§ **TASK ITEM**
Reproduce the whole listing word for word. Leave every image out.

START EXERCISE MATERIALS

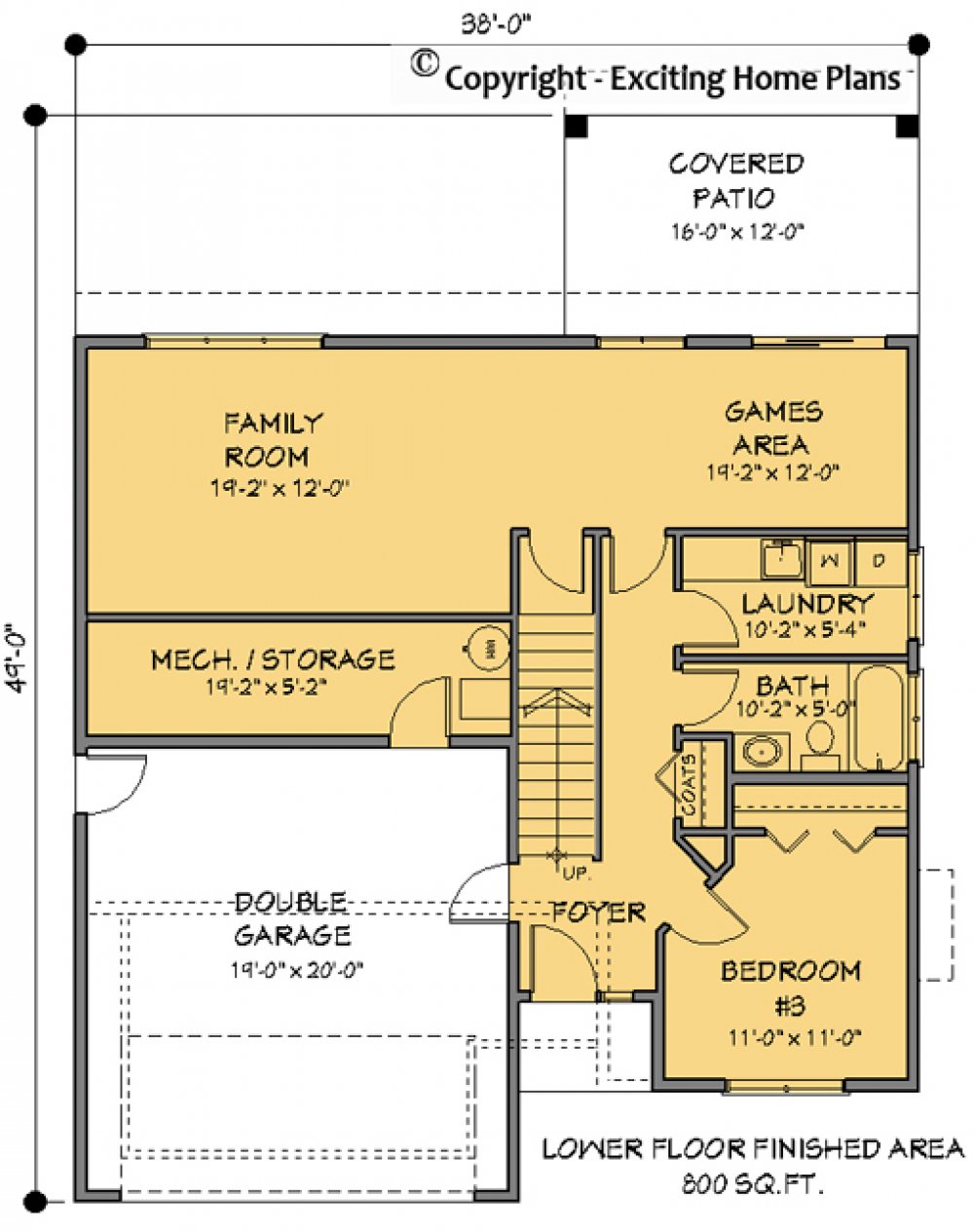 House Plan E1039-10 Lower Floor Plan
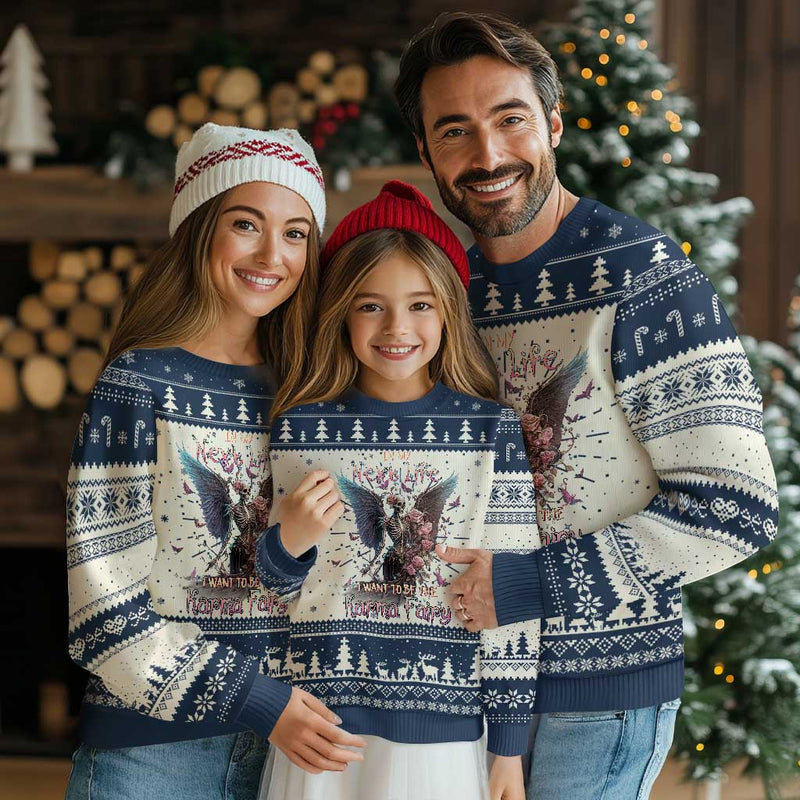 Fairy Skeleton Ugly Christmas Sweater In My Next Life I Want To Be The Karma Rose Angel Skull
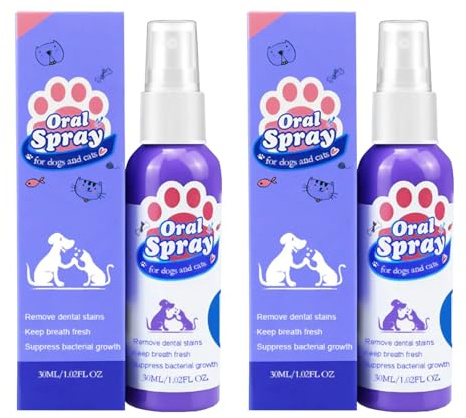 2PCS Dog Oral Care Spray Pet Teeth Cleaning Spray for Dogs & Cats, Pet Teeth Cleaner, Pet Dental Care, Pet Bad Breath Removal, Pet Breath Freshener Spray Care Cleaner, Pet Natural Breath Freshener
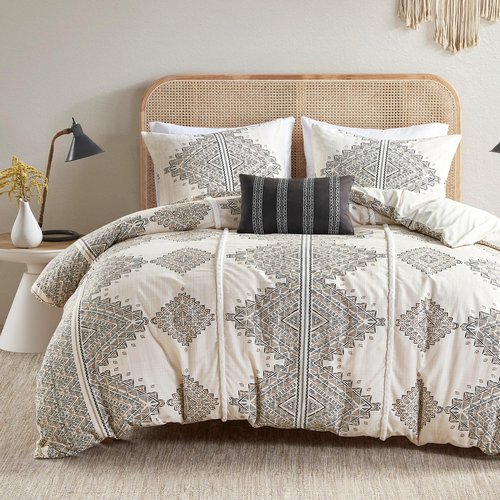 Madison Park Queen Duvet Cover Set, Boho Duvet Cover with Chenille Trims, All Seasons, Microfiber Bedding, Pillow & Shams, Ibiza, Black/Ivory 4 Piece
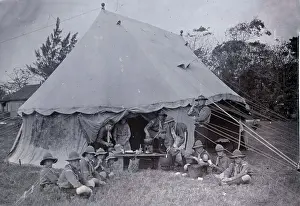 Mauritius: Boy scouts cooking at camp, Mauritius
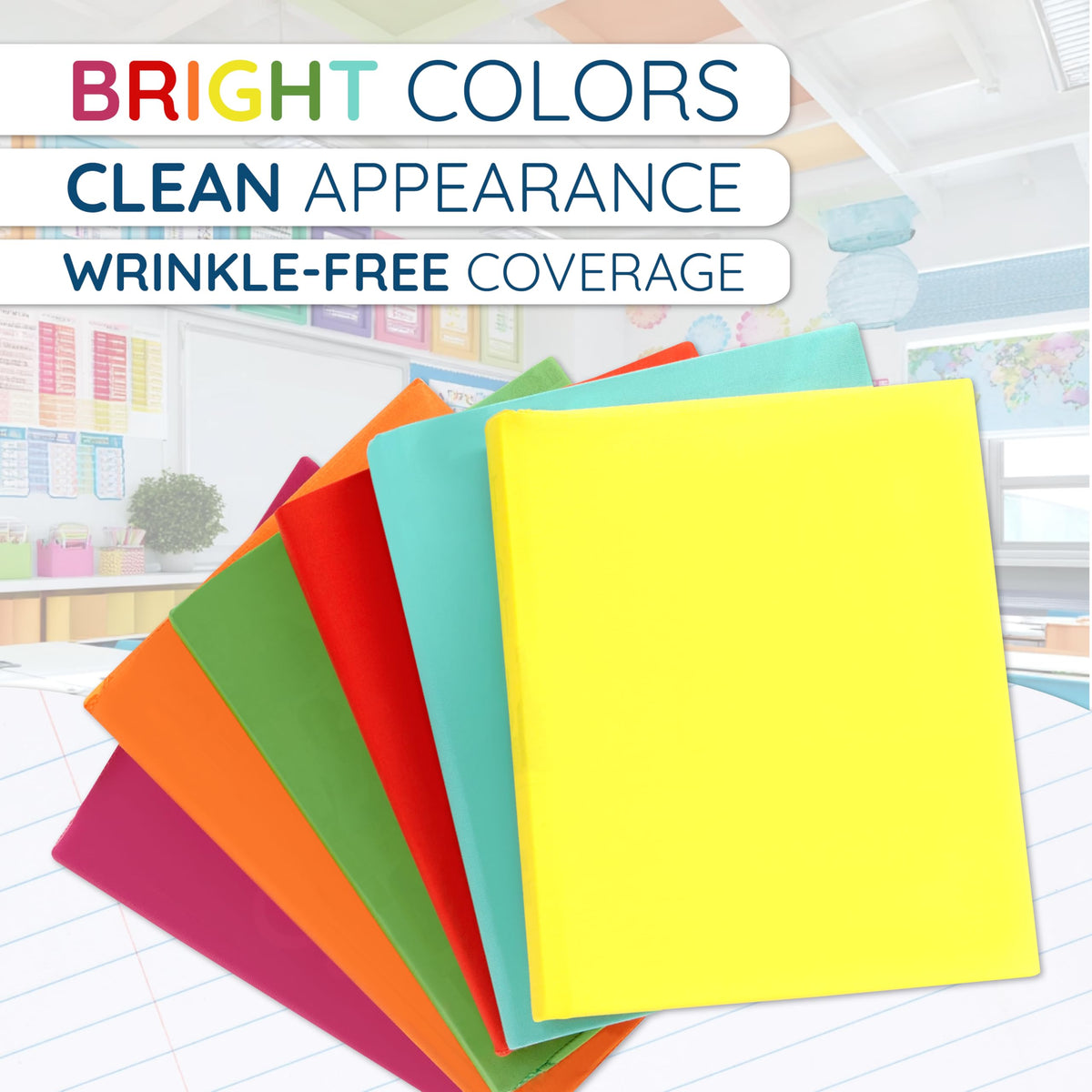 Bright and vibrant Blue Summit Supplies stretchable book covers, specially curated by Curat Cart for a clean, wrinkle-free finish.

END EXERCISE MATERIALS

§ **ANSWER FOR THIS EXERCISE**
 House Plan E1039-10 Lower Floor Plan
 Fairy Skeleton Ugly Christmas Sweater In My Next Life I Want To Be The Karma Rose Angel Skull
 2PCS Dog Oral Care Spray Pet Teeth Cleaning Spray for Dogs & Cats, Pet Teeth Cleaner, Pet Dental Care, Pet Bad Breath Removal, Pet Breath Freshener Spray Care Cleaner, Pet Natural Breath Freshener
 Madison Park Queen Duvet Cover Set, Boho Duvet Cover with Chenille Trims, All Seasons, Microfiber Bedding, Pillow & Shams, Ibiza, Black/Ivory 4 Piece
 Mauritius: Boy scouts cooking at camp, Mauritius
 Bright and vibrant Blue Summit Supplies stretchable book covers, specially curated by Curat Cart for a clean, wrinkle-free finish.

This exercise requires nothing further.